Gleichwohl ist mit der Landesliste die in der Satzung der SPD verankerte Quotierung zur angemessenen Vertretung von Männern und Frauen nicht erreicht worden.

Dies ist ein Bruch in der Kontinuität in der Beschlussfassung der Landes-SPD in den letzen 15 Jahren. Noch im Oktober 2004 wurden in der Landesliste zur Landtagswahl Frauen mit dem so genannten Reißverschluss-Prinzip über die Vorgaben der Satzung hinaus abgesichert.

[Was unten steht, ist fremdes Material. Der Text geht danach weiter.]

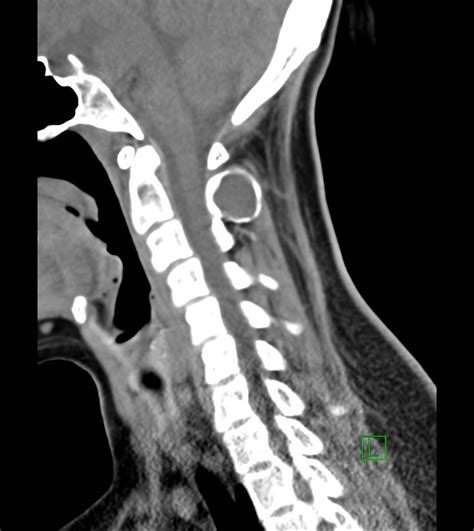 Aneurysmal Bone Cyst Cervical Spine Image Radiopaedia Org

Das erfordert in meinen Augen eine innerparteiliche Diskussion über die Gleichstellung von Frauen in Ämtern und Mandaten und die gesellschaftspolitische Bedeutung der Quotierung. Diese Diskussion werden wir in der schleswig-holsteinischen SPD nach der Bundestagswahl führen. Ich werde dazu die Initiative ergreifen, denn zum Profil der Nord-SPD gehört, dass wir in der Gleichstellungspolitik Vorreiter sind.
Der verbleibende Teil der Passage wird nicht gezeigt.